Born Vivienne Isabel Swire on April 8, 1941, in the English town of Glossop in Derbyshire. She came from humble beginnings. Her father was a cobbler, while her mother helped the family keep ends meet by working at a local cotton mill.
In 1971, Mclaren opened a boutique shop at 430 Kings Road in London and started filling it with Westwood's designs. While the name of the shop seemed to be in constant flux—it was changed five times—it proved to be an important fashion center for the punk movement. When Mclaren became manager of the Sex Pistols, it was Westwood's designs that dressed the band and help it carve out its identity.
                         
But as the punk movement faded, Westwood was hardly content to rest on her laurels.
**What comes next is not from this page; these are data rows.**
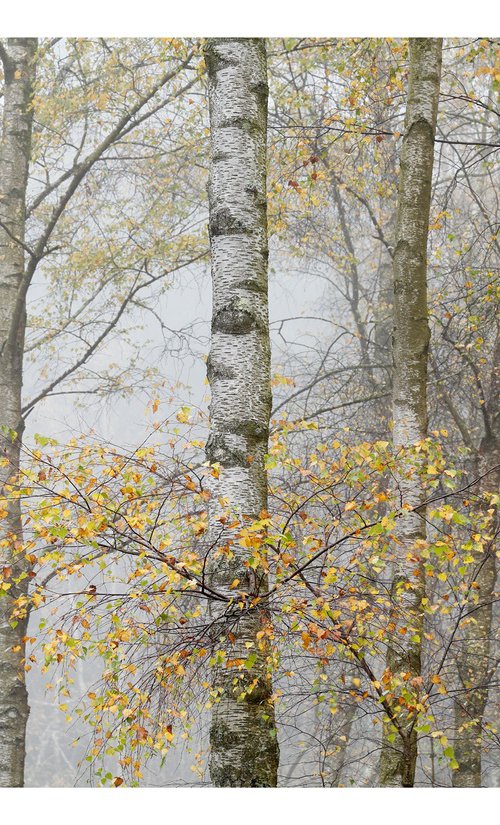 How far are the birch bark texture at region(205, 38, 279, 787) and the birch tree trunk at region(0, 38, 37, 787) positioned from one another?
2.24 m

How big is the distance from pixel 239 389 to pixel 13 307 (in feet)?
9.64

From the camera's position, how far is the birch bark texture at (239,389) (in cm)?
229

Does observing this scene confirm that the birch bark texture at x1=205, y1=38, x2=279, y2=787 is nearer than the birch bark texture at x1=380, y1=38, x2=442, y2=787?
Yes

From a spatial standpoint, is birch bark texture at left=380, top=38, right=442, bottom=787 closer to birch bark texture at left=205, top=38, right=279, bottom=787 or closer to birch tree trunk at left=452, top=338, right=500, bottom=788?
birch bark texture at left=205, top=38, right=279, bottom=787

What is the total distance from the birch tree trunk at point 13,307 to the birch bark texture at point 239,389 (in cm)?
224

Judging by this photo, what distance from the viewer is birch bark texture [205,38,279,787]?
229cm

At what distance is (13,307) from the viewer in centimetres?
502

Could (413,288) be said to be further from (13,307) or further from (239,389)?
(13,307) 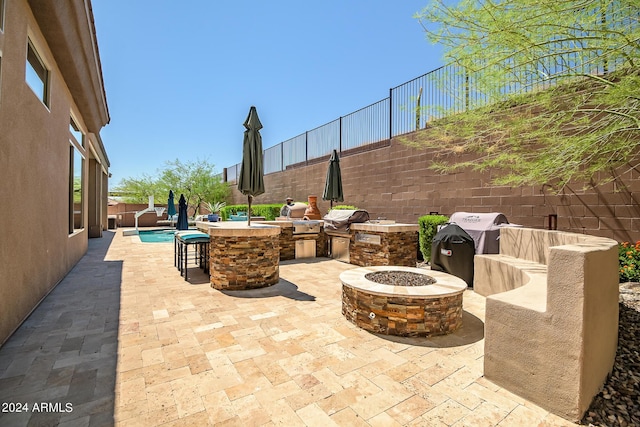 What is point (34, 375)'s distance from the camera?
7.22 ft

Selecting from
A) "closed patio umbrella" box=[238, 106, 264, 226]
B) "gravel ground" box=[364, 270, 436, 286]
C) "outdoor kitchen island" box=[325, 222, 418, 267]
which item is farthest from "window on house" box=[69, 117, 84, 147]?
"gravel ground" box=[364, 270, 436, 286]

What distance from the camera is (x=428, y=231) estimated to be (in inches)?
258

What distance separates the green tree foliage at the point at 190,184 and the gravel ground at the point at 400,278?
21.8 m

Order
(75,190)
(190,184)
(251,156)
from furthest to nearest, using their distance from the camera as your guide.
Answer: (190,184), (75,190), (251,156)

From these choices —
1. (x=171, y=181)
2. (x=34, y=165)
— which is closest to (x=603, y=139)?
(x=34, y=165)

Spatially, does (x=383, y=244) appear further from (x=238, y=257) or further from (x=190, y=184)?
(x=190, y=184)

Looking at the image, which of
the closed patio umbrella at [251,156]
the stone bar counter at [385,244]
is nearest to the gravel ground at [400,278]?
the stone bar counter at [385,244]

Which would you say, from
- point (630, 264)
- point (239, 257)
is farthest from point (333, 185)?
point (630, 264)

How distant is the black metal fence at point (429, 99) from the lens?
3.29 metres

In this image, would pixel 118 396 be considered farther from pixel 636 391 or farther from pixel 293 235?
pixel 293 235

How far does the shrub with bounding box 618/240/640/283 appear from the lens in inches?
153

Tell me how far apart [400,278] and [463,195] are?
433cm

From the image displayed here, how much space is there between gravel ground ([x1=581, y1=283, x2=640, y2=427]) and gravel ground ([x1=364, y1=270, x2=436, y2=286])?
1.60m

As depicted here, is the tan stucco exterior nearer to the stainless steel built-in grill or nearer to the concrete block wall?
the stainless steel built-in grill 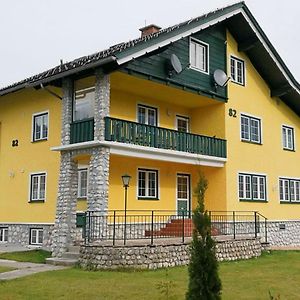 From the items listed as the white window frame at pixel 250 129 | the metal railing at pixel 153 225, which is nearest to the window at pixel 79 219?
the metal railing at pixel 153 225

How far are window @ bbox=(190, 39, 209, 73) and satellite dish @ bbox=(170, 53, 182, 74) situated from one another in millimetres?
1551

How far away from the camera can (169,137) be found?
1994cm

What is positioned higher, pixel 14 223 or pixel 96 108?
pixel 96 108

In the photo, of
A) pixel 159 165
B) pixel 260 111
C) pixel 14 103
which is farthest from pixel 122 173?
pixel 260 111

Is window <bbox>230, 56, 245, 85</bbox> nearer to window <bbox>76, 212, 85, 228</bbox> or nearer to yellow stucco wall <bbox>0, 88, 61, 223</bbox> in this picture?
yellow stucco wall <bbox>0, 88, 61, 223</bbox>

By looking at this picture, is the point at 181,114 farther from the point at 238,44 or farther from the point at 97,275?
the point at 97,275

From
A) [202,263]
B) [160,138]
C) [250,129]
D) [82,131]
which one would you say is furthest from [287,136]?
[202,263]

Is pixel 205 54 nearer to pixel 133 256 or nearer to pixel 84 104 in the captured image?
pixel 84 104

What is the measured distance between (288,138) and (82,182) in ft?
42.8

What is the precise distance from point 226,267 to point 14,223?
34.8 feet

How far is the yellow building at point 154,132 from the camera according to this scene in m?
18.2

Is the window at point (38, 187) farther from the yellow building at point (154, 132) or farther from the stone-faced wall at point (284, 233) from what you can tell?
the stone-faced wall at point (284, 233)

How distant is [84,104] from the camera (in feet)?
62.8

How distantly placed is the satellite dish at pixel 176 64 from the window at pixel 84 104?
347 centimetres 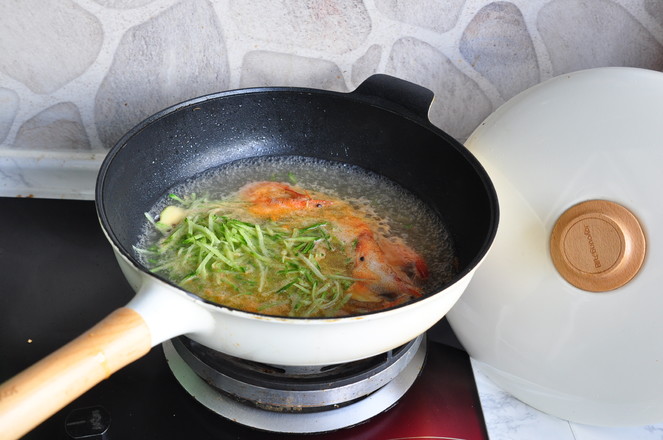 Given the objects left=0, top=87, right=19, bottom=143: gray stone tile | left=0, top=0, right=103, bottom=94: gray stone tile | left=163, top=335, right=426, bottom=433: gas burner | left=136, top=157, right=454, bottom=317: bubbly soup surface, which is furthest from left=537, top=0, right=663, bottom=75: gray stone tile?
left=0, top=87, right=19, bottom=143: gray stone tile

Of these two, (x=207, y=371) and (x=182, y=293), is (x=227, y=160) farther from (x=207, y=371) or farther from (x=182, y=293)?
(x=182, y=293)

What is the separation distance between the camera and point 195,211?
107cm

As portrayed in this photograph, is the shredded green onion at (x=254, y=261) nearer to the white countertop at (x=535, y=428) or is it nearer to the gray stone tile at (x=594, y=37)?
the white countertop at (x=535, y=428)

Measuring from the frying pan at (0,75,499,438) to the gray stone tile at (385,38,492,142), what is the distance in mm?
107

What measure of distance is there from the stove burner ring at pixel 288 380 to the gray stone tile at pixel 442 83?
54cm

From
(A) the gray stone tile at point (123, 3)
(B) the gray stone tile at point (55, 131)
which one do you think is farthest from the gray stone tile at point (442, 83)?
(B) the gray stone tile at point (55, 131)

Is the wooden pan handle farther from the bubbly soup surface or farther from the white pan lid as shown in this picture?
the white pan lid

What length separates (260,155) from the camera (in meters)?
1.22

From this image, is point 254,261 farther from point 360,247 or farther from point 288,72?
point 288,72

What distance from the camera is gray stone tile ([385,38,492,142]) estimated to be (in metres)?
1.18

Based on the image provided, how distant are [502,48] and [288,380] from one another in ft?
2.38

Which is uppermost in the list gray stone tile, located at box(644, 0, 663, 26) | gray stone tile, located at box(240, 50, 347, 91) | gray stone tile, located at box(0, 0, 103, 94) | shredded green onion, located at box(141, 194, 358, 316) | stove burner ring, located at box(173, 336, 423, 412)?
gray stone tile, located at box(644, 0, 663, 26)

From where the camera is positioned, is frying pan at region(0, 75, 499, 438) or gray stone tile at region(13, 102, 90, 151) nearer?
frying pan at region(0, 75, 499, 438)

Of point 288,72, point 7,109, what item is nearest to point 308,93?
point 288,72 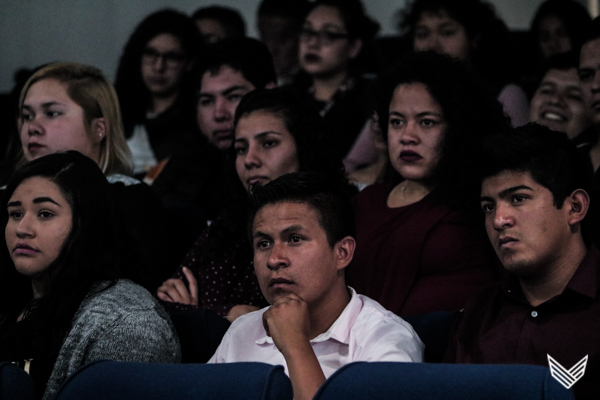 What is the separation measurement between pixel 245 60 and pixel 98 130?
0.67 metres

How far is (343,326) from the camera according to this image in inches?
72.9

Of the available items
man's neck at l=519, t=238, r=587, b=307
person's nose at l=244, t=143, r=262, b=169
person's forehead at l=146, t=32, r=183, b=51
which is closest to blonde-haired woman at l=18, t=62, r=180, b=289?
person's nose at l=244, t=143, r=262, b=169

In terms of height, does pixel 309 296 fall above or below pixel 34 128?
below

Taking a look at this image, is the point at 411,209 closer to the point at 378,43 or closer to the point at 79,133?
the point at 79,133

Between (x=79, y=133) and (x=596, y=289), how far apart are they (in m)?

She's constantly been ahead of the curve, not just influencing fashion, but often times dictating it. After her run with the Sex Pistols, Westwood went an entirely new direction with her Pirate collection of frilly shirts and other attire. Her styles have also included the mini-crini of the 1980s and the frayed tulle and tweed suit of the 1990s. She's even proved it's perfectly possible to make a subversive statement with underwear. "Vivienne's effect on other designers has been rather like a laxative," English designer Jasper Conran once explained.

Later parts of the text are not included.